Segment Start: Task material

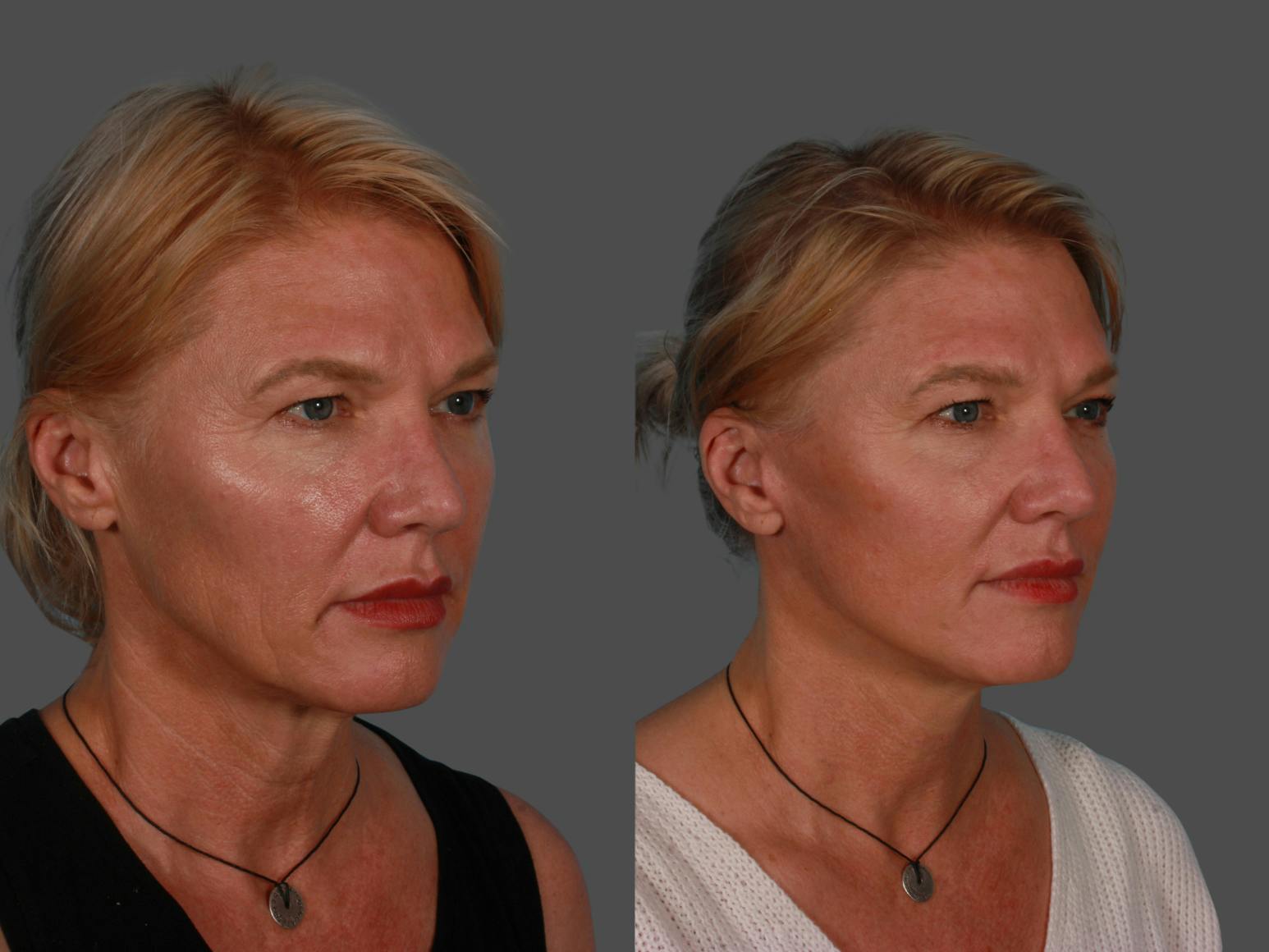 Endoscopic Brow Lift Before & After Gallery - Patient 268959 - Image 2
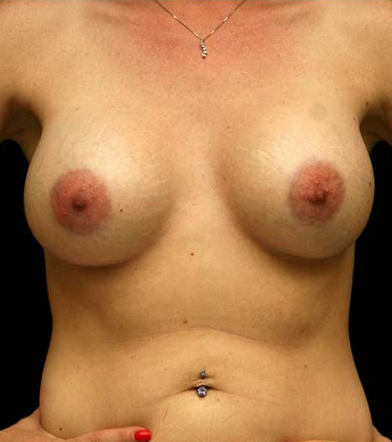 Breast Augmentation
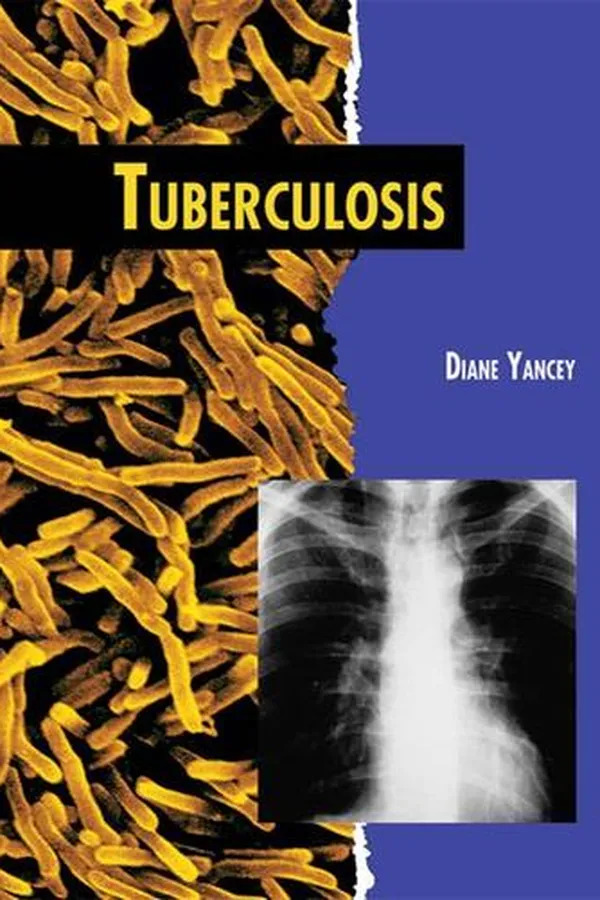 Capa de Tuberculosis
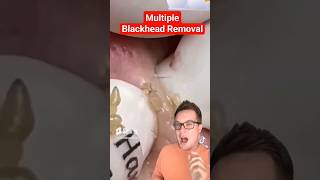 Crazy BLACKHEAD REMOVAL  So Many Blackheads shorts [upl. by Conlen]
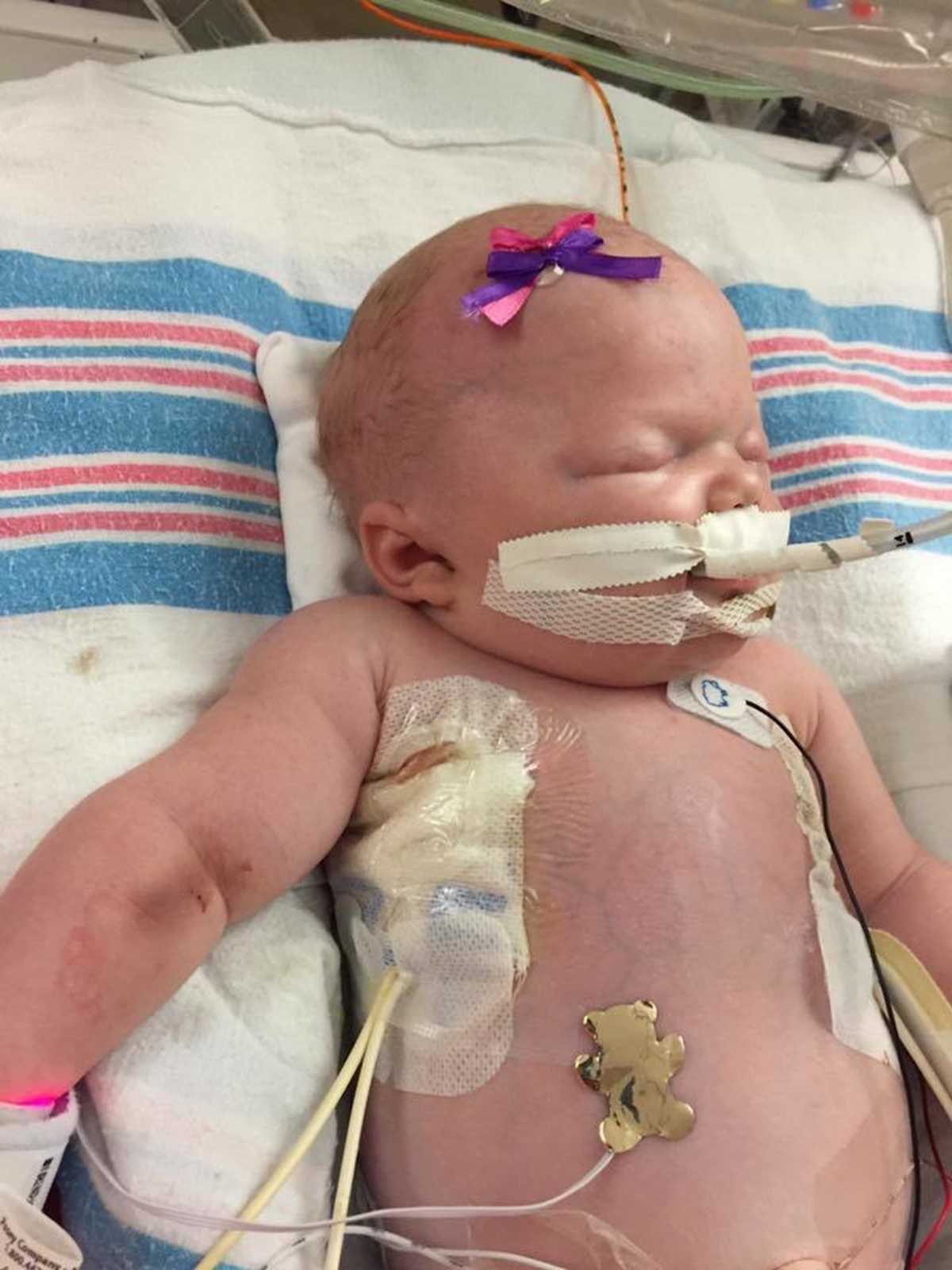 They didn’t finally diagnose her with HSV-1 until three days before we had to pull the plug. They didn’t finally diagnose her with HSV-1 until three days before we had to pull the plug.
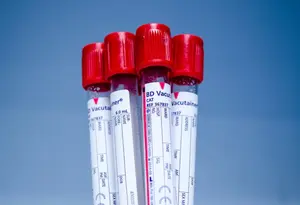 Θεσσαλονίκη: Δράση αιμοδοσίας και εγγραφών εθελοντών μυελού των οστών στην Τούμπα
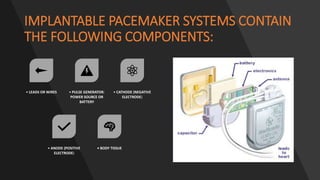 IMPLANTABLE PACEMAKER SYSTEMS CONTAIN
THE FOLLOWING COMPONENTS:
• LEADS OR WIRES • PULSE GENERATOR:
POWER SOURCE OR
BATTERY
• CATHODE (NEGATIVE
ELECTRODE)
• ANODE (POSITIVE
ELECTRODE)
• BODY TISSUE
 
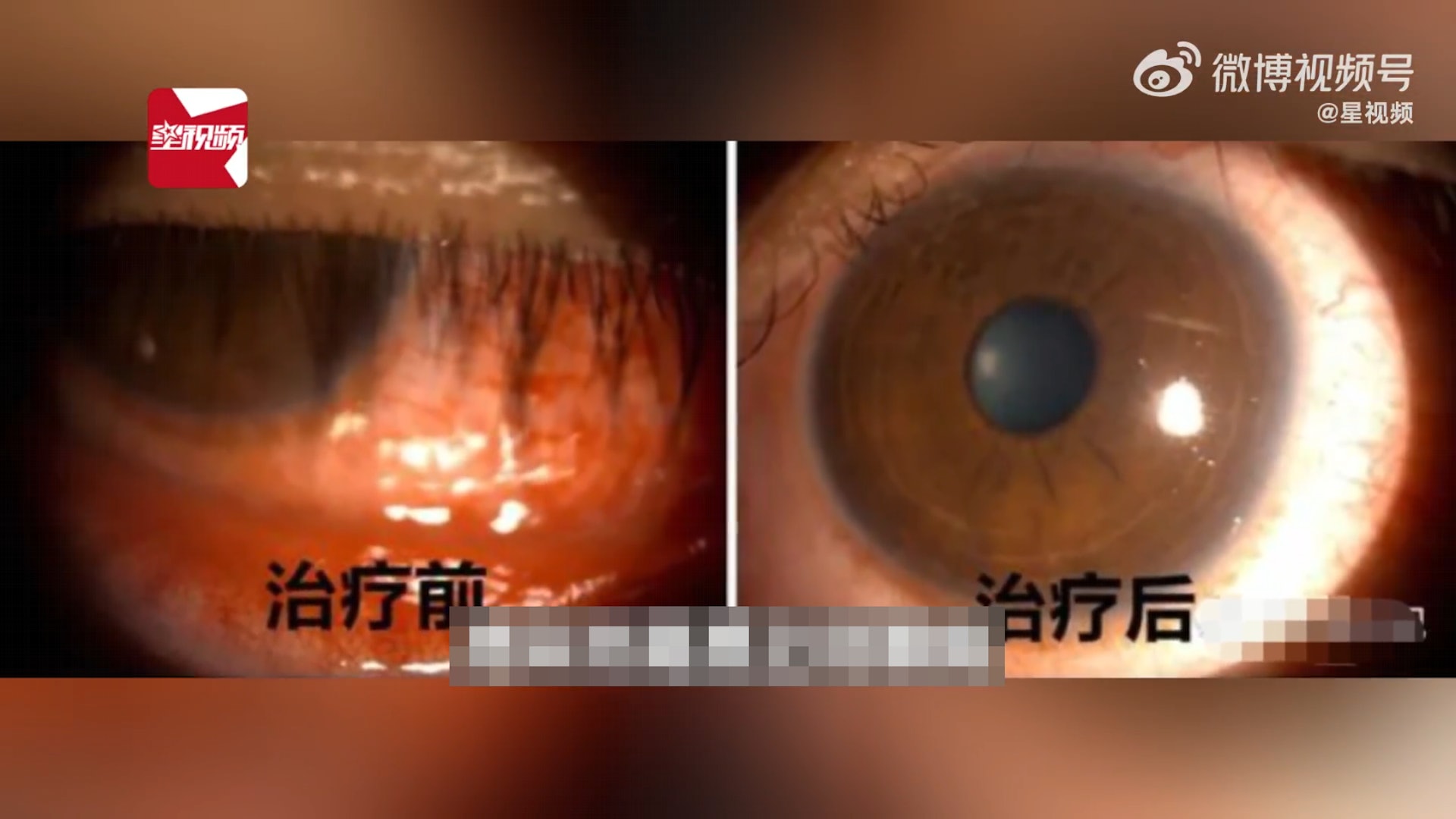 廣西南寧一名30歲男子,日前出現雙眼紅腫、眼痛、流淚、尿痛等症狀。(星視頻) 廣西南寧一名30歲男子,日前出現雙眼紅腫、眼痛、流淚、尿痛等症狀。(星視頻)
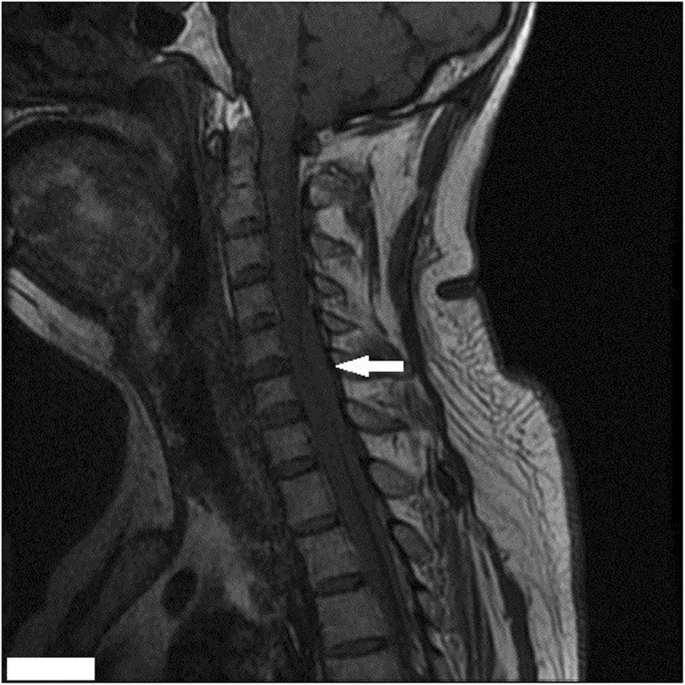 spinal epidural hematoma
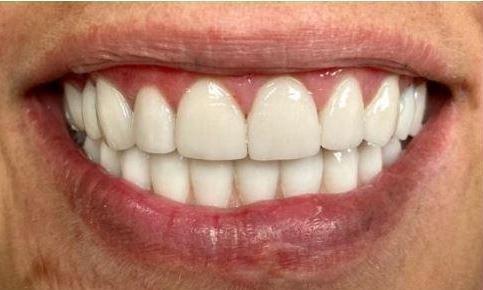 Implants-Veneers-and-Crowns-After-Image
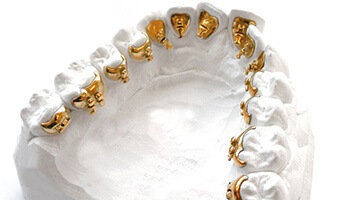 Gold-colored Incognito braces on backs of teeth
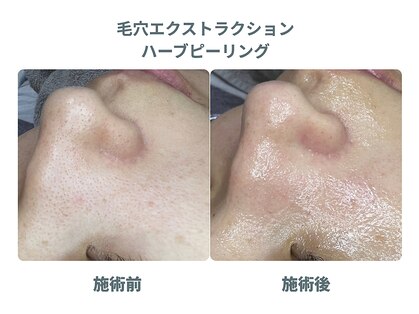 プラスボーテ 幡ヶ谷(plus beaute)の写真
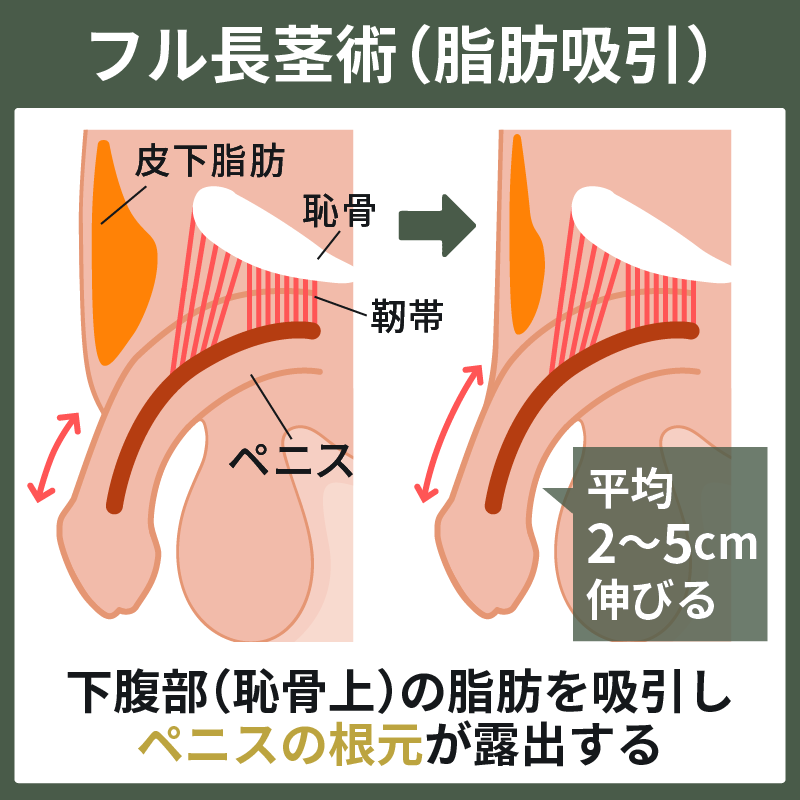 Amazon.co.jp: 電動オナホ 亀頭バイブ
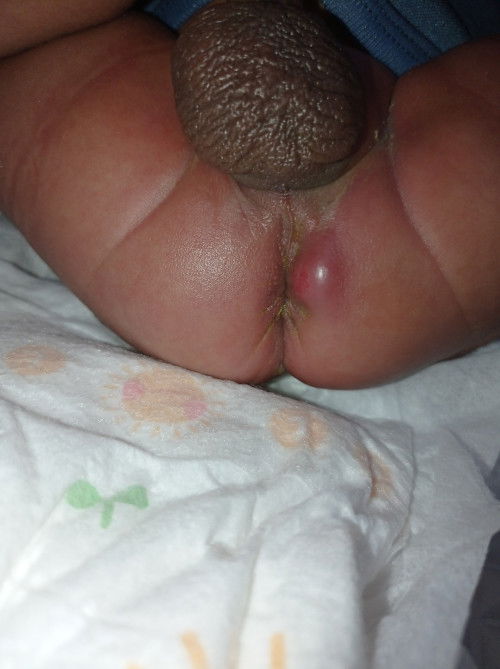 ini kenapa ya? bisul kah 😭😭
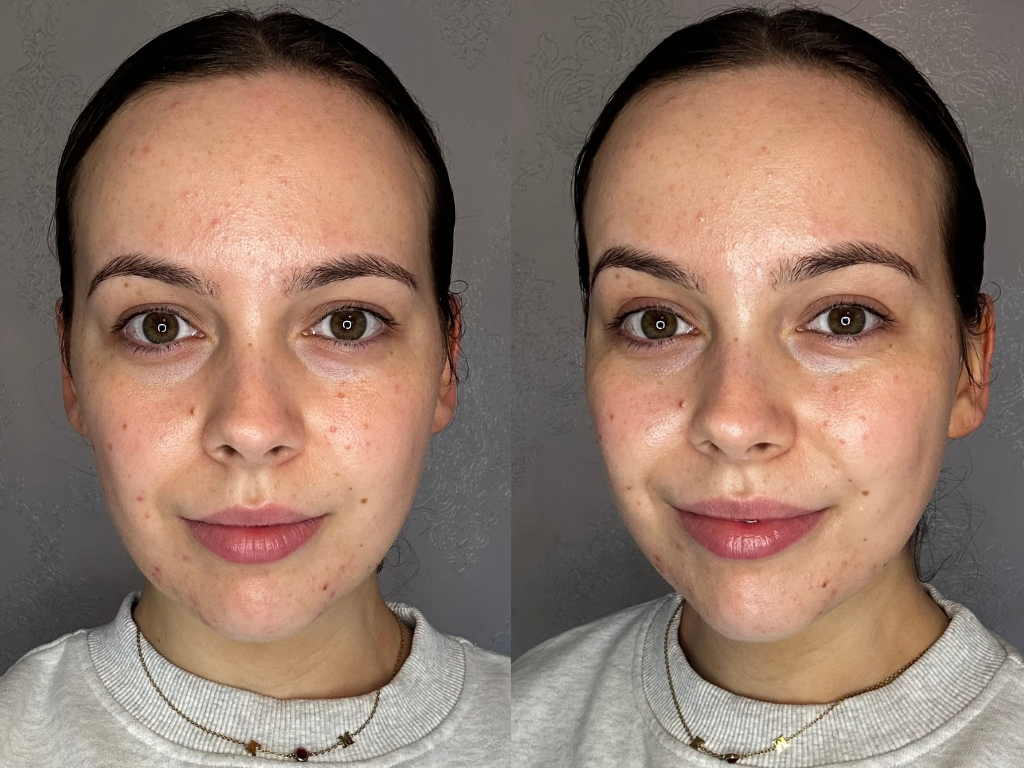 Before and after Dr Barbara Glow Cream | Space NK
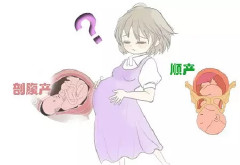 母婴电台·VOL27：顺产VS剖宫产，医生为你剖析利与弊！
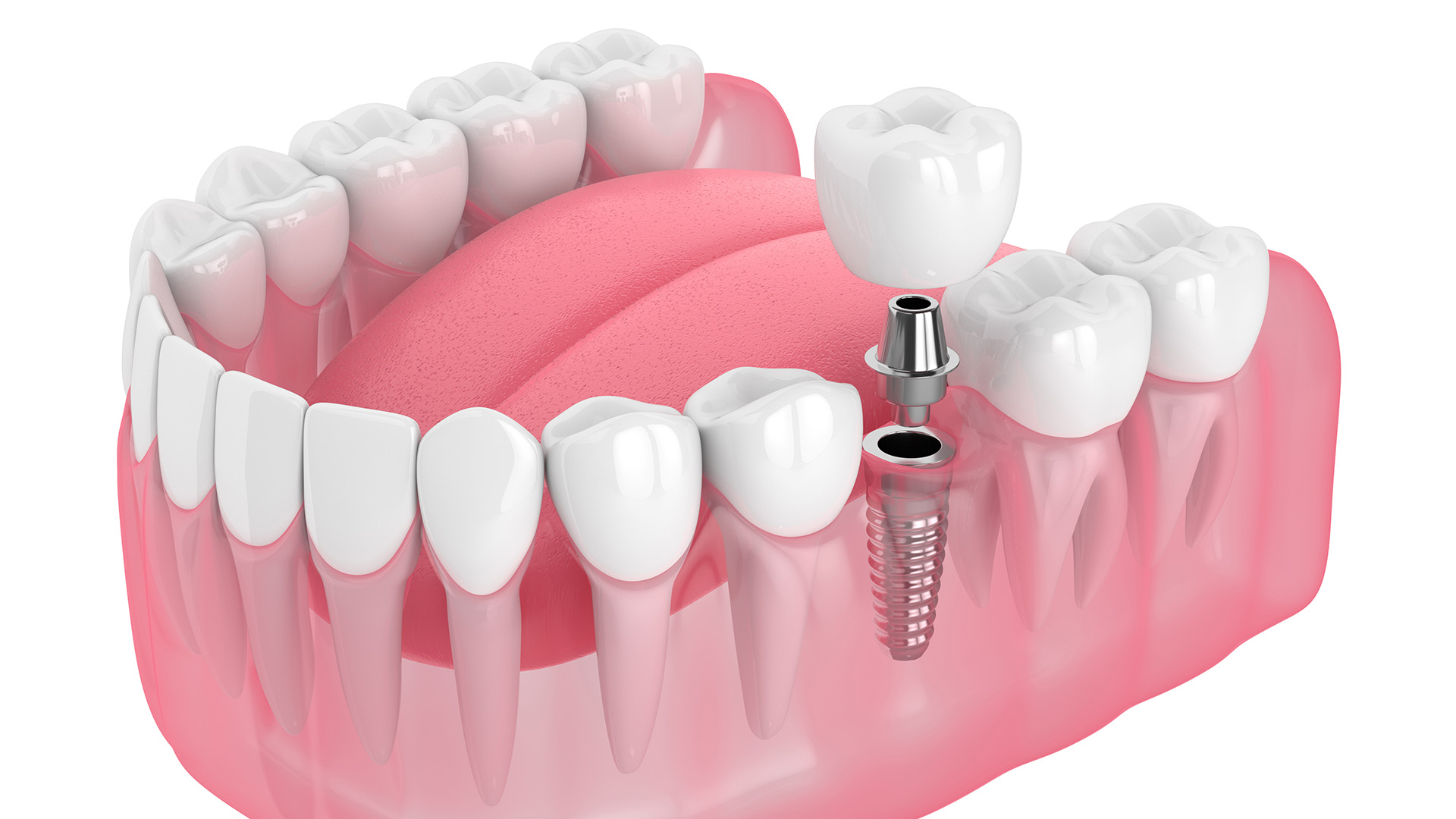 Dental Implants in Russellville AR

Segment End: Task material

◆ Task to carry out:
Write out the lines of the material from the one containing "Before and after" through the last, exactly and only those. Leave every picture out.

◆ Written answer:
 Before and after Dr Barbara Glow Cream | Space NK
 母婴电台·VOL27：顺产VS剖宫产，医生为你剖析利与弊！
 Dental Implants in Russellville AR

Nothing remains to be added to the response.